En tentative de réponse, je reprendrai un thème qui m'est cher : la nécessité de différencier les appréciations à court terme (les résultats misérables actuels sont indéniables) des éventualités à plus long terme. On ne juge pas de la « faillite » d'une expérience d'indépendance qui n'a guère plus d'une génération de profondeur. La situation actuelle est le résultat d'une histoire longue très lourde. Elle n'est pas l'annonce d'une fatalité.
L'héritage : Il n'y a pas de réponse simple à cette question. Mais il existe un faisceau de facteurs dont la conjonction permet d'éclairer le problème. Ces facteurs multiples, on peut les répartir grossièrement en deux groupes : les facteurs internes et les facteurs externes au continent et aux sociétés d'Afrique. Aucun en soi n'est fatal. Mais une malheureuse conjonction historique de l'ensemble d'entre eux, conjointement ou successivement, est intervenue à travers les temps de l'histoire. Elle aide à comprendre pourquoi les processus ainsi enclenchés demeurent difficiles et lents à redresser.
Parmi les premiers, on peut aligner d'abord les conditions écologiques : des sols en général pauvres (sauf dans la vallée du Nil), aussi bien sous les tropiques que dans la zone équatoriale, des pluies irrégulières avec des risques au moins séculaires de très longues sécheresses sur une part élevée du continent, des maladies anciennes et jamais ou tardivement et partiellement éradiquées (paludisme, maladie du sommeil, oncocerchose, multiples parasitoses); ensuite des structures sociales peu favorables à l'initiative individuelle et à la capitalisation, en raison de l'adoption tardive de la propriété privée et d'habitudes communautaires tenaces; des structures économiques, en conséquence, peu portées à l'investissement productif, mais plutôt au maintien d'un système de subsistance, de thésaurisation et d'ostentation; enfin, une histoire démographique malheureuse dont le résultat fut la stagnation globale de la population au moins du XVIè au XXè siècle.

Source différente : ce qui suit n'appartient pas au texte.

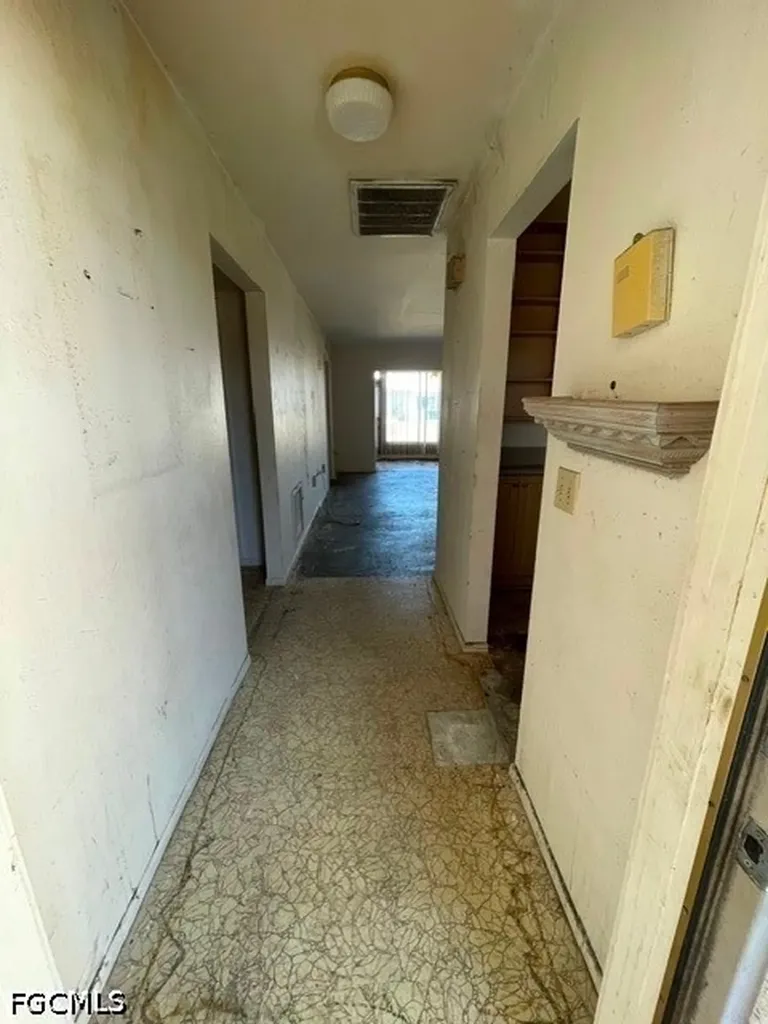 8381 Antigua Court Fort Myers FL 33907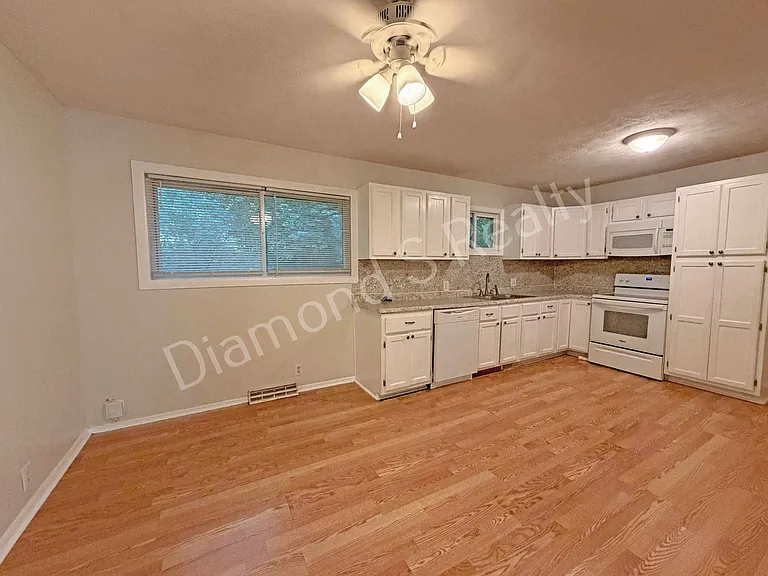 2930 E Lolo Trl — Photo 4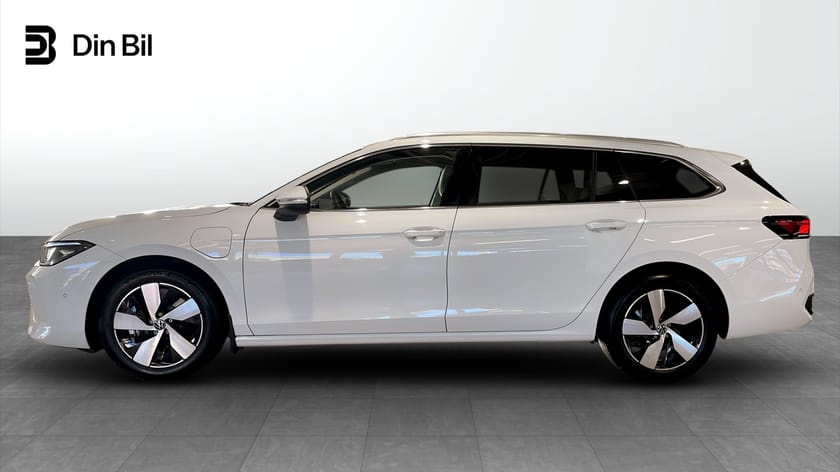 Bild 4 av Volkswagen Passat Variant eHybrid 204HK BUSINESS Drag/Vinterhjul Inbyteskamp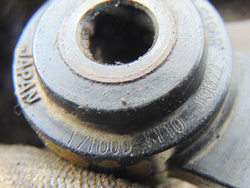 TOYOTA COROLLA E12 1.6 CZUJNIK STUKOWY 89615-02020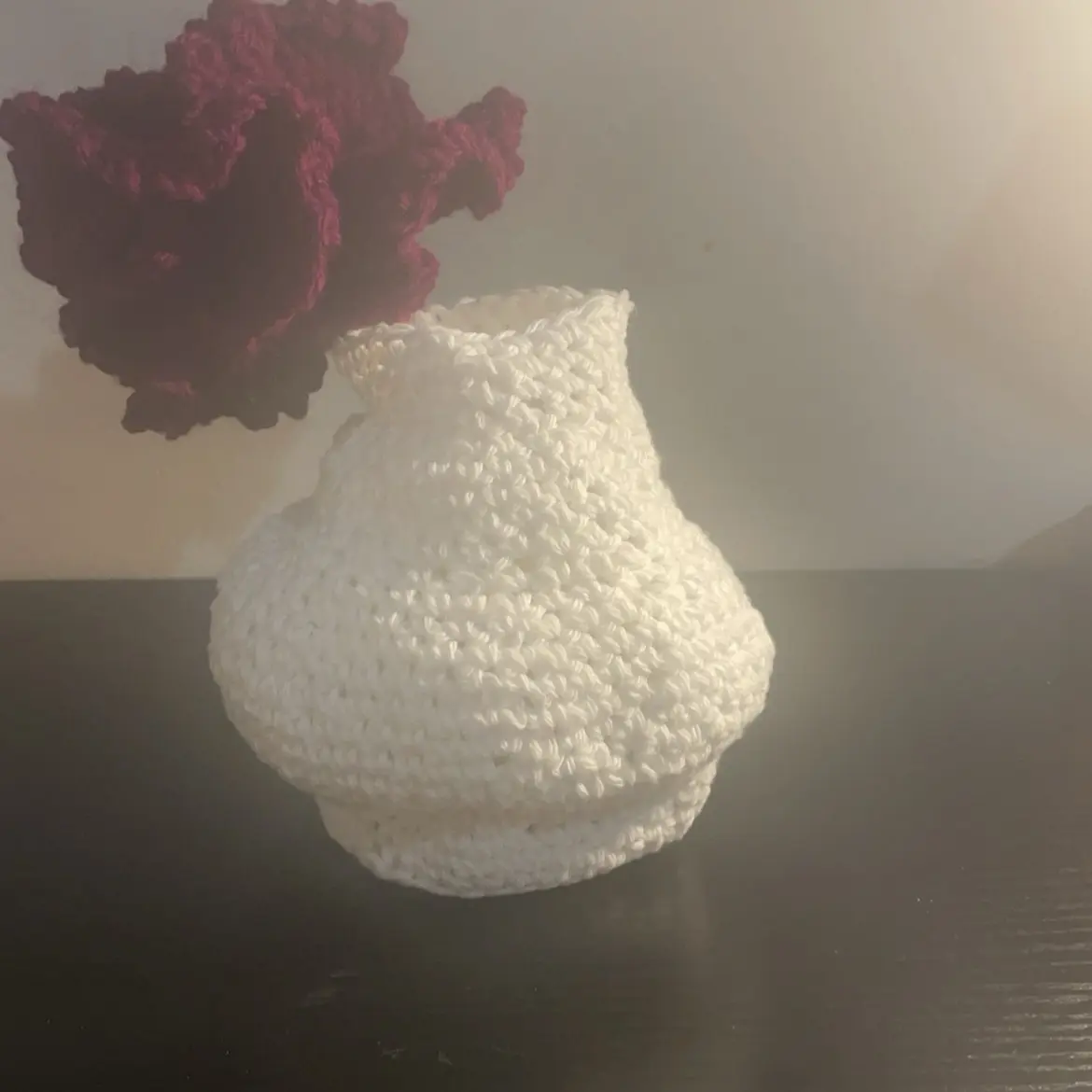 Crochet flower vase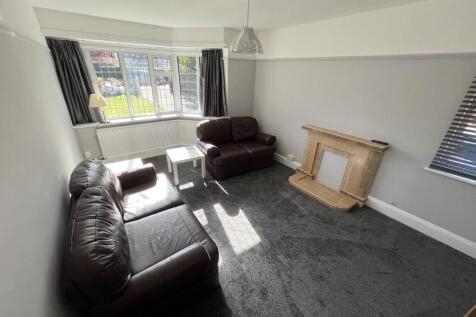 Westfield Drive, Loughborough photo 2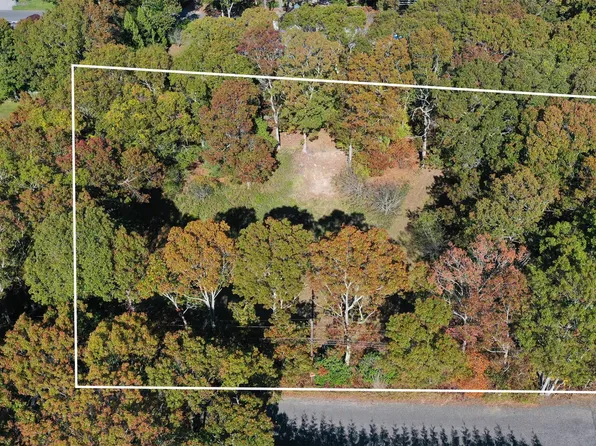 20 Bay View Ave, East Hampton, NY 11937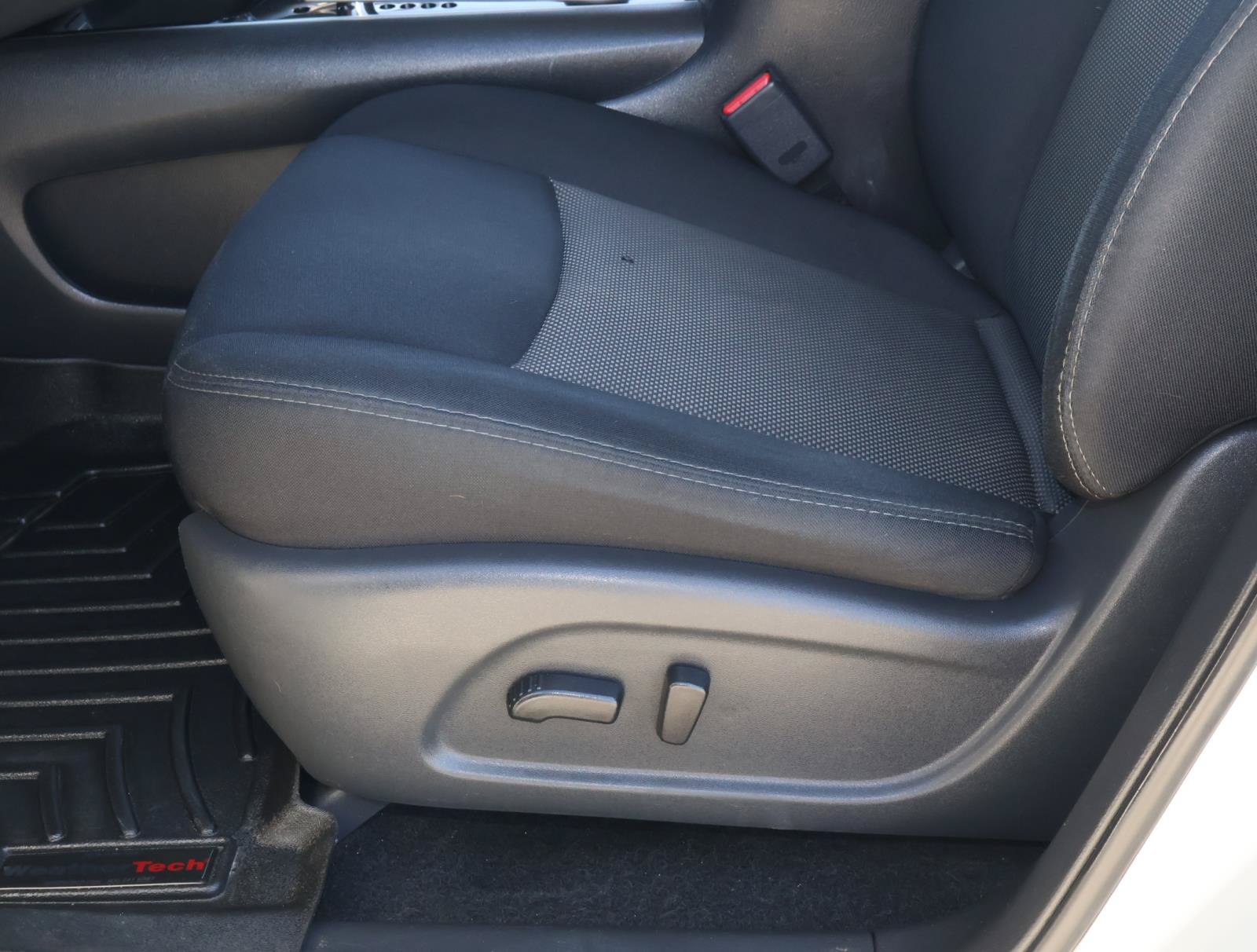 Used 2018 Nissan Pathfinder SV AWD/4WD image 13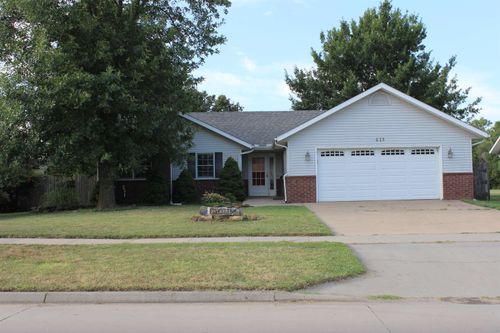 615 W Avenue A, McPherson, KS, 67460-5203 | Card Image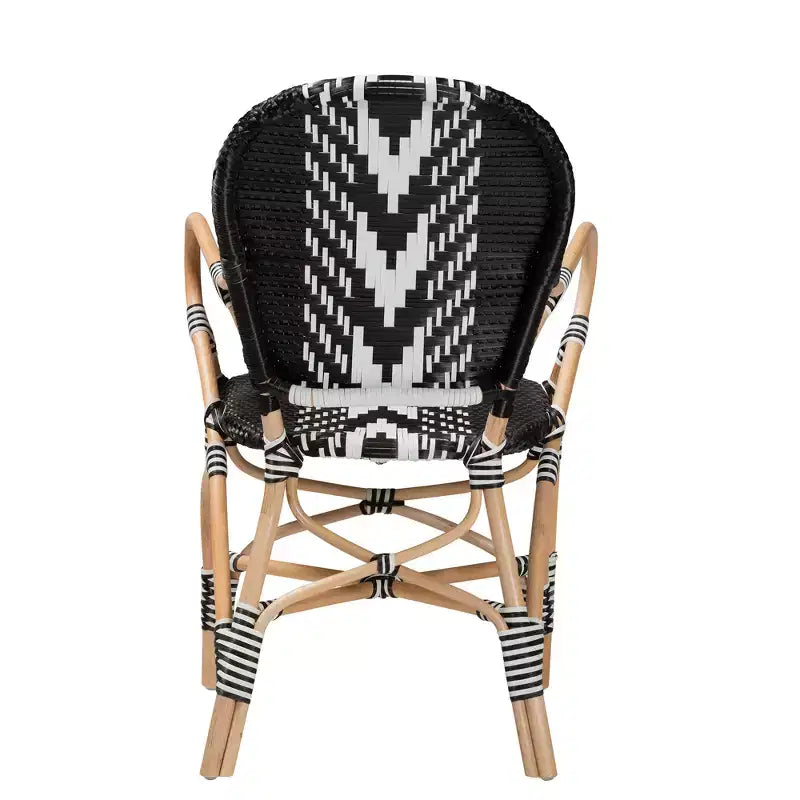 Chaise de salle à manger d'intérieur bicolore noir et blanc en tissage et rotin naturel Bali & Pari Wallis Modern French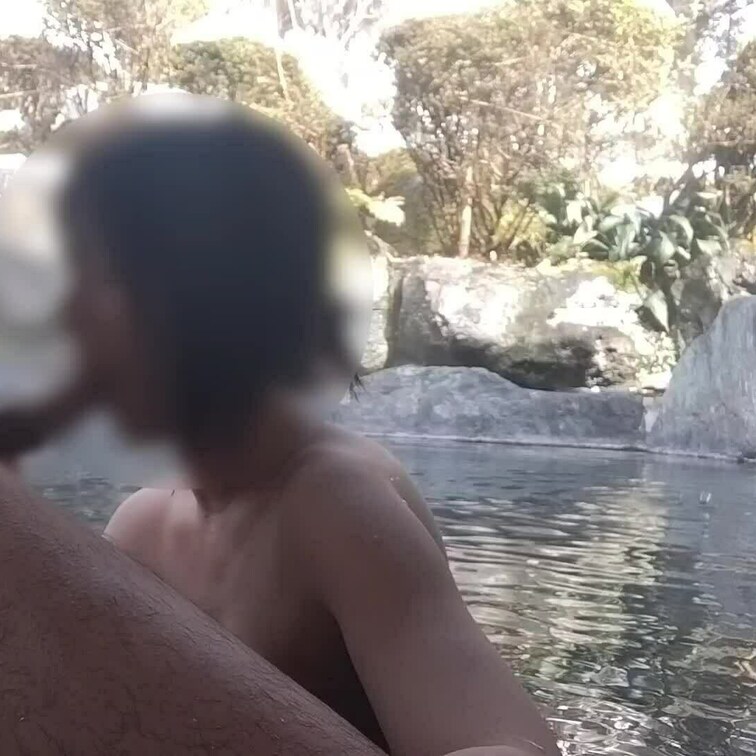 悪友と妻が混浴露天風呂のある旅館に日帰りで行った時に撮影してくれた動画です。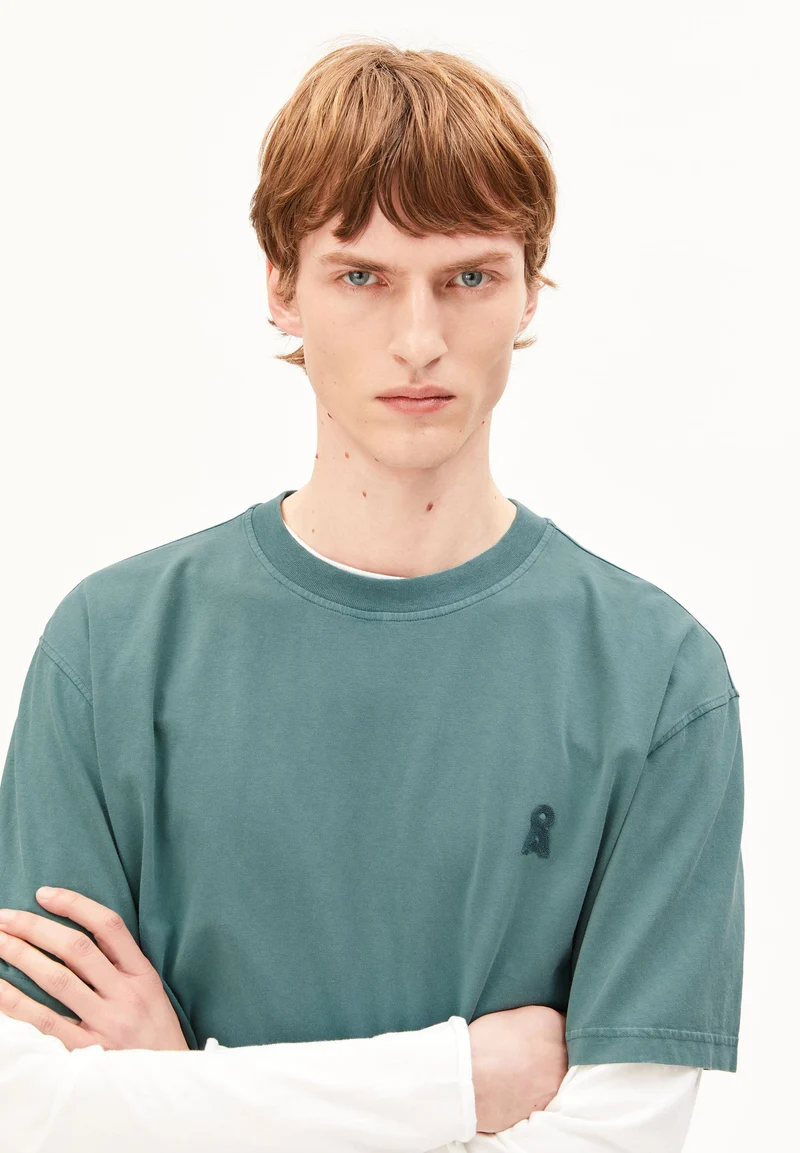 ICONIC Å MAARKOS GMT DYE T-SHIRT | petrol velvet washed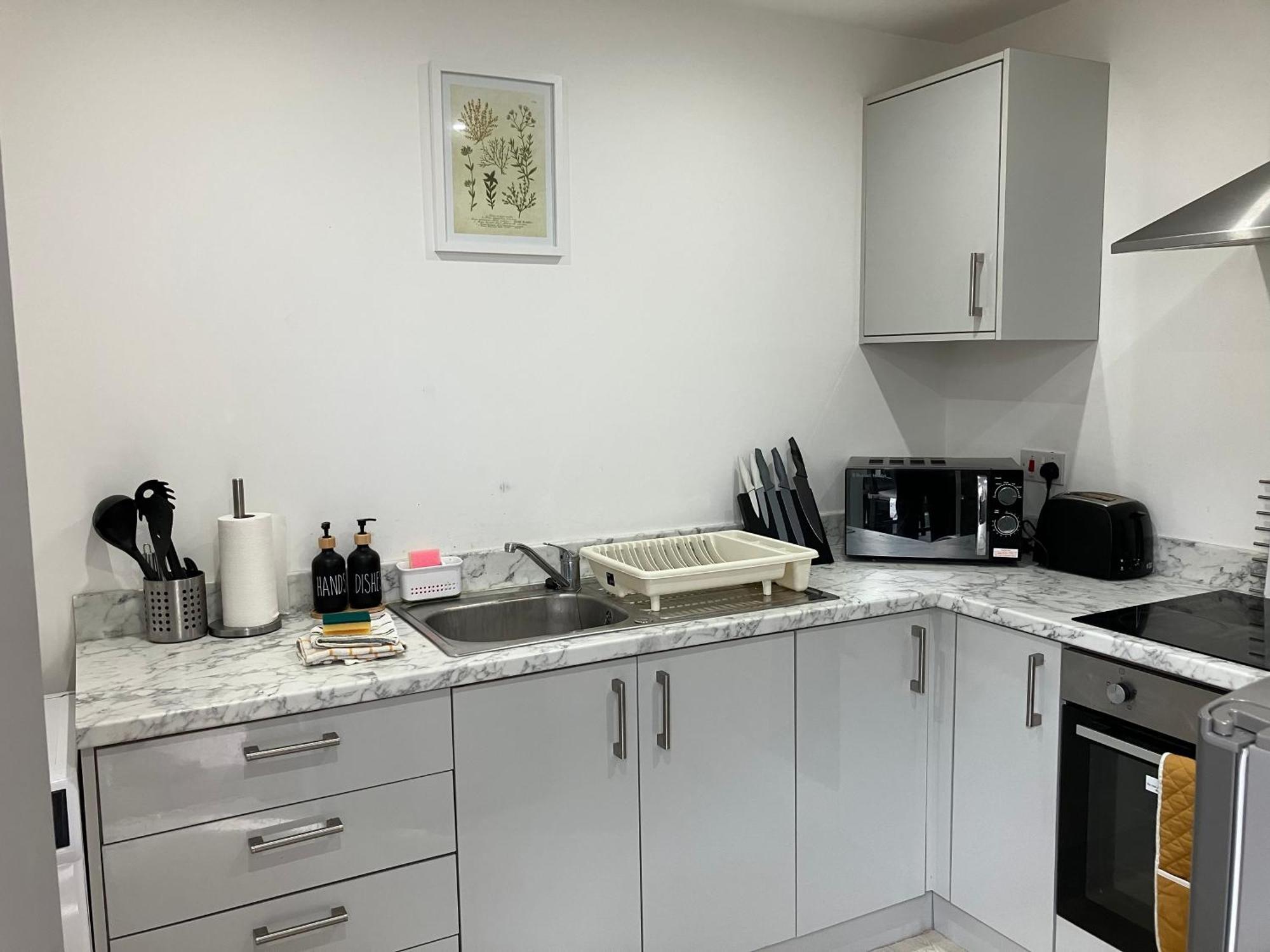 Lancing Apartments - Spacious 2 Bed - Sleeps 6 - Burnham Village Слау Екстериор снимка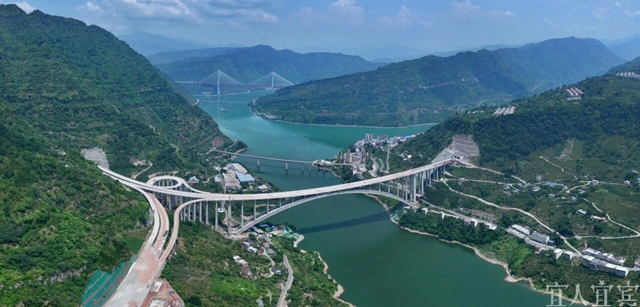 西宁河特大桥全幅贯通!宜攀高速预计年底通车(图1) 宁1.jpg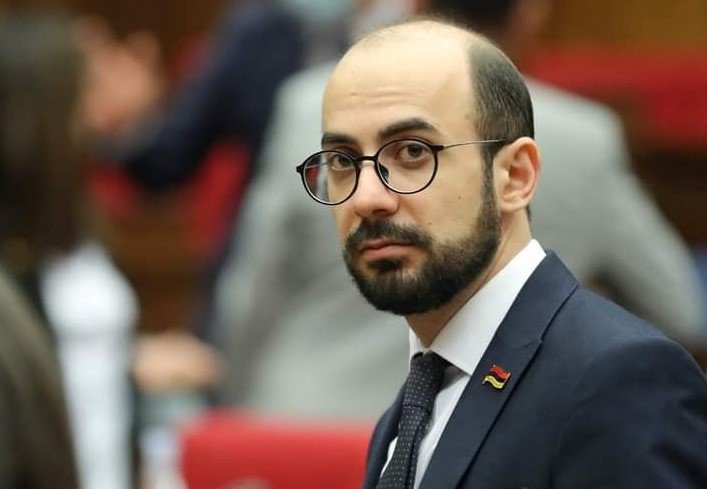 Իշխանը շատ փոքր ձուկ է խմբակցության հասցեին նման սպառնալիք հնչեցնելու համար. Արթուր Հովհաննիսյան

À ces facteurs internes, en partie déjà liés à l'histoire internationale (par les effets de la traite des esclaves sur les irrégularités du peuplement), vinrent s'ajouter des facteurs externes prégnants, dont le principal fut sans contexte une histoire longue et renouvelée de colonisations qui fit tomber successivement partie ou tout du continent dans la dépendance de forces économiques et politiques internationales dominantes et contraignantes.
Les premières de ces colonisations furent les colonisations grecque et romaine de l'Égypte. Rome confisqua l'héritage de celle-ci en faveur du monde méditerranéen occidental, donc de l'Europe. L'islam à son tour, isolant la basse Égypte de la Nubie, exerça un coup d'arrêt brutal, tandis que dans le massif éthiopien se réfugiaient les noyaux antérieurs chrétiens ou juifs. La pénétration arabe joua en Afrique occidentale comme sur la côte orientale (après celle des Perses) un rôle déterminant de puissance économique dominante : l'or du Soudan ou du Zimbabwe, les esclaves, l'ivoire, les plumes d'autruche drainés vers le monde musulman furent autant d'occasions d'instaurer un échange inégal entre le continent noir et les marchés de la Méditerranée et de l'océan Indien. Le sultanat de Zanzibar paracheva à l'est cette œuvre coloniale, tandis qu'à l'ouest le mercantilisme négrier puis le capitalisme occidental qui se succédèrent du XVè au XIXè siècle introduisaient l'impérialisme européen. Le dernier avatar fut l'apartheid qui fut en 1947 en Afrique du Sud la réplique antagonique des processus de décolonisation engagés ailleurs : il s'agissait de faire des Africains, refoulés dans les Bantoustans ou États noirs, des « indigènes » étrangers à leur propre pays.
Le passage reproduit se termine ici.